» Exercise directions: Locate, in the data below, the line that contains "Oikiastudios2 Patras Exteriör bild" and the line that contains "Embajadora EU visitó"; reproduce exactly those two lines and every line between them, nothing more.

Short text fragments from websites
=== Begin Enclosure ===

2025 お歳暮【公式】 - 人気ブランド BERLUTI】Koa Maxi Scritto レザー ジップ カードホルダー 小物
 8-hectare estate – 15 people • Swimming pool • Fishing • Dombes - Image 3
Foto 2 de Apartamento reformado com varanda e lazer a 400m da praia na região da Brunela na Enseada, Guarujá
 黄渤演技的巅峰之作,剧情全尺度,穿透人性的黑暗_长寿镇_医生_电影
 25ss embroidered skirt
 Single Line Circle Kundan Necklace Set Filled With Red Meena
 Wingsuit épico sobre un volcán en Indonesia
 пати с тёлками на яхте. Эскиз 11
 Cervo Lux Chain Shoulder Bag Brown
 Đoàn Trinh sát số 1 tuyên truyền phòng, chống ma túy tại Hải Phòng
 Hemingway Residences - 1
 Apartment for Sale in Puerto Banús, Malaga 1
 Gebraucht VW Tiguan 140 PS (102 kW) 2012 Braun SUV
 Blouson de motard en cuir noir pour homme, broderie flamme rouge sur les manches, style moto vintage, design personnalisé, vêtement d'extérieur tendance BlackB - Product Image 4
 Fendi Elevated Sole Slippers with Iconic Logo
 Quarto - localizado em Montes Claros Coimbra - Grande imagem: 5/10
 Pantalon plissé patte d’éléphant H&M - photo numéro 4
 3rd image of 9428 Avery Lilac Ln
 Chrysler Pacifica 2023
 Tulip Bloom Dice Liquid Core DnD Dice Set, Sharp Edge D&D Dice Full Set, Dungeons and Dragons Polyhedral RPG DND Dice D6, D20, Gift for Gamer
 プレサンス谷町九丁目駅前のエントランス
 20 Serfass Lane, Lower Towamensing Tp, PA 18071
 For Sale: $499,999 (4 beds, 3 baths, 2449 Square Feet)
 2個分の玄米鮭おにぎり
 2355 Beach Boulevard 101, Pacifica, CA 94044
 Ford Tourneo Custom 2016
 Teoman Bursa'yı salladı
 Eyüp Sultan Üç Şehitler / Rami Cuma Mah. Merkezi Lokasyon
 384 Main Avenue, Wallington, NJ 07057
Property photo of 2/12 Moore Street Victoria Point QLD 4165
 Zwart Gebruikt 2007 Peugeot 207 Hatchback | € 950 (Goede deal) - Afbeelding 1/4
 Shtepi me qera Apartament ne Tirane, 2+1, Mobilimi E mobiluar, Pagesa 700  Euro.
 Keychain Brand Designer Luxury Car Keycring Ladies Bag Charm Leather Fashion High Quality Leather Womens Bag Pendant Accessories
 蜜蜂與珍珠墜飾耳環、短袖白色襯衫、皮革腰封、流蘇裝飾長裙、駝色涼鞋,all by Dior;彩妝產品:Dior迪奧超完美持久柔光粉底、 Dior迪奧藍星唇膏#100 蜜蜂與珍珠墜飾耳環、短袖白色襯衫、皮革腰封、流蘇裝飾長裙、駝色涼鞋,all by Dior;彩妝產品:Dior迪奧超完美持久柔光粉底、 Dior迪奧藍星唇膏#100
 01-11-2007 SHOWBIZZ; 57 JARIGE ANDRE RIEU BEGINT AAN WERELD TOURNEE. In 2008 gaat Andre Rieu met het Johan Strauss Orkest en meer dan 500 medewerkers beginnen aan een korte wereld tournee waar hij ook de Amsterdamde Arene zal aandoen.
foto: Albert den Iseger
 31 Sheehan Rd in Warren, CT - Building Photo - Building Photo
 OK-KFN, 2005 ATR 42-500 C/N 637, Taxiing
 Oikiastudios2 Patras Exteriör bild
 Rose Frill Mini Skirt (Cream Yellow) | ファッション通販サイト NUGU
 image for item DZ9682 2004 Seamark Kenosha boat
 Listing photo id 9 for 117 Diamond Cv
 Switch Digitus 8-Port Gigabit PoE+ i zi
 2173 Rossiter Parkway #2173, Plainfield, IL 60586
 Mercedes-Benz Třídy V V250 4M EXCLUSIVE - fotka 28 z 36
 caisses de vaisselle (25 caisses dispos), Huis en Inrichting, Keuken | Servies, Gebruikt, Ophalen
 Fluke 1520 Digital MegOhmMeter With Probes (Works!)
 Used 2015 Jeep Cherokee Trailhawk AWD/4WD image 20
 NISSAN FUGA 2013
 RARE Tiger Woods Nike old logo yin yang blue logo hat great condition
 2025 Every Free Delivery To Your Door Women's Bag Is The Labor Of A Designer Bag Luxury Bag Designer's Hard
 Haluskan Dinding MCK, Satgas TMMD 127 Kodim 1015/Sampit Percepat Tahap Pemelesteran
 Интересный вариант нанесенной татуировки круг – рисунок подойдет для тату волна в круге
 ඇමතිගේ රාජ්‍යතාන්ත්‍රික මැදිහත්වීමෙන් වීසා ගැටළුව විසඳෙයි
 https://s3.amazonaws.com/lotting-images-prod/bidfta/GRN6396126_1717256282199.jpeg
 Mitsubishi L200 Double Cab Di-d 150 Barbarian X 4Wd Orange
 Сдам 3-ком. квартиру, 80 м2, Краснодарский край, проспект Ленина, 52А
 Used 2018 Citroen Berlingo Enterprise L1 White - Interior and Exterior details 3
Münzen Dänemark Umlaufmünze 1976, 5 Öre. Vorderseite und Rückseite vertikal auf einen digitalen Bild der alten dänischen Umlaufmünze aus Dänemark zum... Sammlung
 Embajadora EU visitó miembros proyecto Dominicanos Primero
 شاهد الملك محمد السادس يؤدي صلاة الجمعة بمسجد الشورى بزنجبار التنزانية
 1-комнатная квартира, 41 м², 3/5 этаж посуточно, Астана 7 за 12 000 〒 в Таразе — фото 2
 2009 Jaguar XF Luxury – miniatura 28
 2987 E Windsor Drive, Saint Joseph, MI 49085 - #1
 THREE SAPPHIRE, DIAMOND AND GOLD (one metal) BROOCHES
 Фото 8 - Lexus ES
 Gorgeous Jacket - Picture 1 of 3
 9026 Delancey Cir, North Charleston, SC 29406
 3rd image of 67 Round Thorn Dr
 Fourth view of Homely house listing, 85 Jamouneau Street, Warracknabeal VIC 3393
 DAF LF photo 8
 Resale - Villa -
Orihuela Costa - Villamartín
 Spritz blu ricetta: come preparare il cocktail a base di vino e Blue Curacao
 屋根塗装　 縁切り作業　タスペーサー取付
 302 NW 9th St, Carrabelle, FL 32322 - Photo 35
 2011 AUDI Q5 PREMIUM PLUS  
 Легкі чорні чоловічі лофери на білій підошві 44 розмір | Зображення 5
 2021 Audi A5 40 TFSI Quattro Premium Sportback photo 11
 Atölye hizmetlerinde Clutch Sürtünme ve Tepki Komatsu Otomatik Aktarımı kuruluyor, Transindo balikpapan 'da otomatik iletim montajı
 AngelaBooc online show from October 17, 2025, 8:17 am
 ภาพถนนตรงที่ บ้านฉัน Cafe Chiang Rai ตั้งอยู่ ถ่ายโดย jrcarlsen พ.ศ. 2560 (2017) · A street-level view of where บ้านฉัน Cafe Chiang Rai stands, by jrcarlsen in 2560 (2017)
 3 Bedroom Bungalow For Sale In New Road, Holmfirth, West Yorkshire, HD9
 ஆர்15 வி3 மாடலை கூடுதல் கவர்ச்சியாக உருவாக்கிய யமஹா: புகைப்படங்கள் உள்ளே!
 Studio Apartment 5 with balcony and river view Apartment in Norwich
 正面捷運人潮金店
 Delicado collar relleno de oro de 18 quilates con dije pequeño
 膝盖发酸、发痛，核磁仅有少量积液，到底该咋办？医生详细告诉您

=== End Enclosure ===

» Exercise output:
 Oikiastudios2 Patras Exteriör bild
 Rose Frill Mini Skirt (Cream Yellow) | ファッション通販サイト NUGU
 image for item DZ9682 2004 Seamark Kenosha boat
 Listing photo id 9 for 117 Diamond Cv
 Switch Digitus 8-Port Gigabit PoE+ i zi
 2173 Rossiter Parkway #2173, Plainfield, IL 60586
 Mercedes-Benz Třídy V V250 4M EXCLUSIVE - fotka 28 z 36
 caisses de vaisselle (25 caisses dispos), Huis en Inrichting, Keuken | Servies, Gebruikt, Ophalen
 Fluke 1520 Digital MegOhmMeter With Probes (Works!)
 Used 2015 Jeep Cherokee Trailhawk AWD/4WD image 20
 NISSAN FUGA 2013
 RARE Tiger Woods Nike old logo yin yang blue logo hat great condition
 2025 Every Free Delivery To Your Door Women's Bag Is The Labor Of A Designer Bag Luxury Bag Designer's Hard
 Haluskan Dinding MCK, Satgas TMMD 127 Kodim 1015/Sampit Percepat Tahap Pemelesteran
 Интересный вариант нанесенной татуировки круг – рисунок подойдет для тату волна в круге
 ඇමතිගේ රාජ්‍යතාන්ත්‍රික මැදිහත්වීමෙන් වීසා ගැටළුව විසඳෙයි
 https://s3.amazonaws.com/lotting-images-prod/bidfta/GRN6396126_1717256282199.jpeg
 Mitsubishi L200 Double Cab Di-d 150 Barbarian X 4Wd Orange
 Сдам 3-ком. квартиру, 80 м2, Краснодарский край, проспект Ленина, 52А
 Used 2018 Citroen Berlingo Enterprise L1 White - Interior and Exterior details 3
Münzen Dänemark Umlaufmünze 1976, 5 Öre. Vorderseite und Rückseite vertikal auf einen digitalen Bild der alten dänischen Umlaufmünze aus Dänemark zum... Sammlung
 Embajadora EU visitó miembros proyecto Dominicanos Primero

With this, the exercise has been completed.